Problem requirements:
No pictures belong in the copy. Reproduce exactly the lines beginning at the line containing "Now for the" and continuing to the end of the entries below.

Stored data:
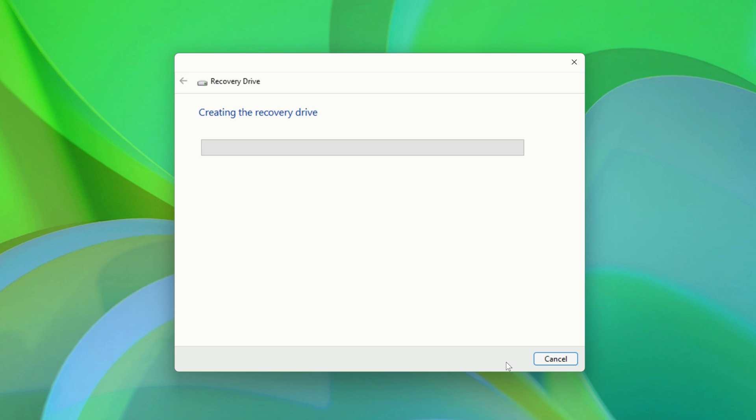It'll begin creating your Recovery Drive. If you choose to Backup System Files, then this process could take a very long time to complete.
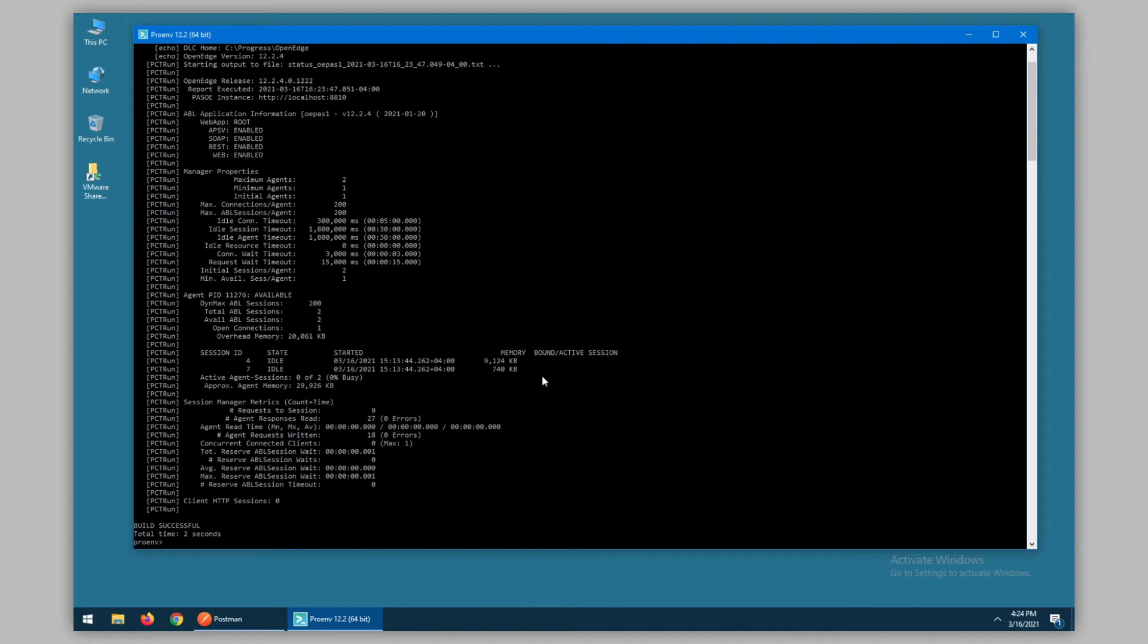And we have calculated fields. In this case, we keep count of the number of busy agents or busy sessions rather, which shows a percent busy on the agent. And we have an approximate agent memory, which is a summation of all of the session memory plus the overhead memory.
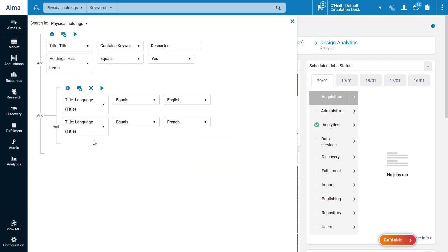By default, our conditions are related by a conditional AND. So let's change this to an OR.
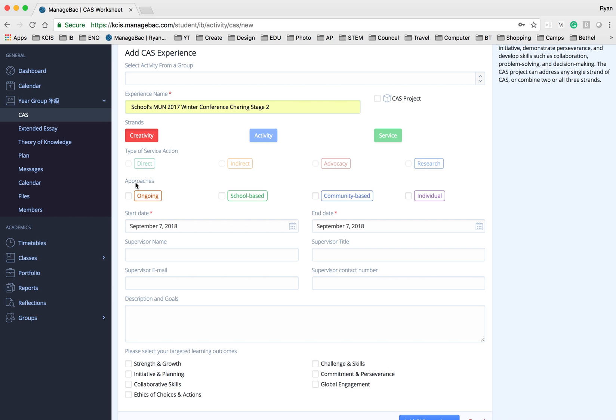Now for the approaches I'm going to select it is school-based. Otherwise it's going to be ongoing, community-based, and individual.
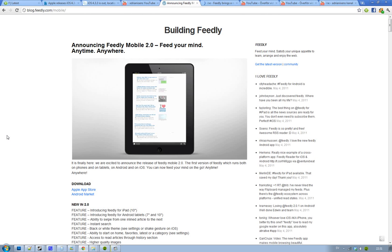Also this is one of my favorite features I already tried out and it's awesome. That is the ability to swipe when you're inside of an article in Feedly on your device. You can now swipe and then read the next article. So that is kind of sweet.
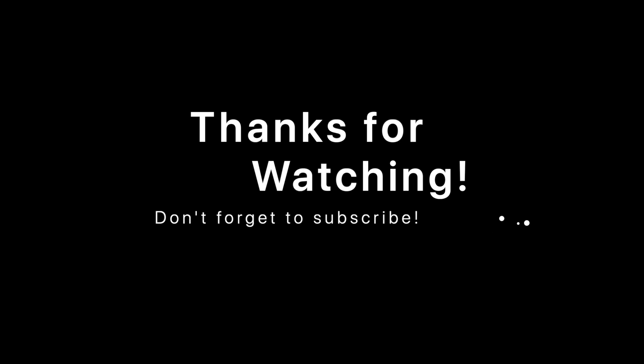Thank you so much for watching. Please let me know what you think about this method in the comments or Twitter or Instagram. I'll see you in the next video. Bye!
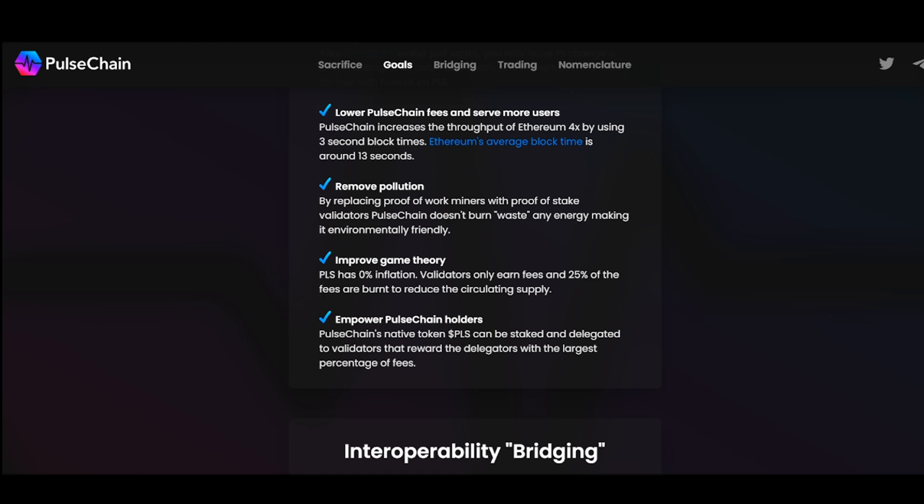Today we're going to be diving down into an important question. We're actually going to be diving down into the overall transactions per second and throughput. So the question is, will PulseChain actually compete against some of the fastest blockchains today, which technically are all forks of Ethereum.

Answer section:
Now for the approaches I'm going to select it is school-based. Otherwise it's going to be ongoing, community-based, and individual.
Also this is one of my favorite features I already tried out and it's awesome. That is the ability to swipe when you're inside of an article in Feedly on your device. You can now swipe and then read the next article. So that is kind of sweet.
Thank you so much for watching. Please let me know what you think about this method in the comments or Twitter or Instagram. I'll see you in the next video. Bye!
Today we're going to be diving down into an important question. We're actually going to be diving down into the overall transactions per second and throughput. So the question is, will PulseChain actually compete against some of the fastest blockchains today, which technically are all forks of Ethereum.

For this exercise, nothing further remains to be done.